What the task requires: Pictures are to be left out, and only the lines below starting at the one with "Сергей Кружилин выступил" and ending at the one with "Ground Floor Apartment" are to be reproduced, each exactly, both ends included.

Dataset excerpts:
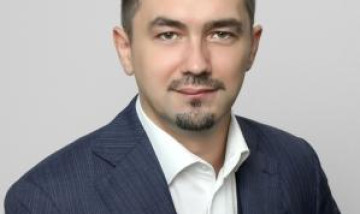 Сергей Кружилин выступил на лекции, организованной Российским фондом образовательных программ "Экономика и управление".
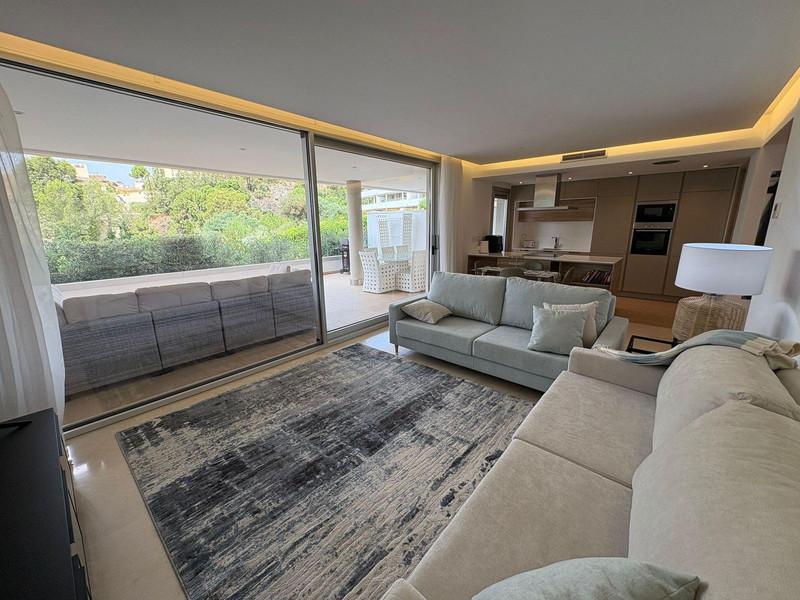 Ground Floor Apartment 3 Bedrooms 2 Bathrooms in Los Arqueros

* * *

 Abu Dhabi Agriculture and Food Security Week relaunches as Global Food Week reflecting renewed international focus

Exercise solution:
 Сергей Кружилин выступил на лекции, организованной Российским фондом образовательных программ "Экономика и управление".
 Ground Floor Apartment 3 Bedrooms 2 Bathrooms in Los Arqueros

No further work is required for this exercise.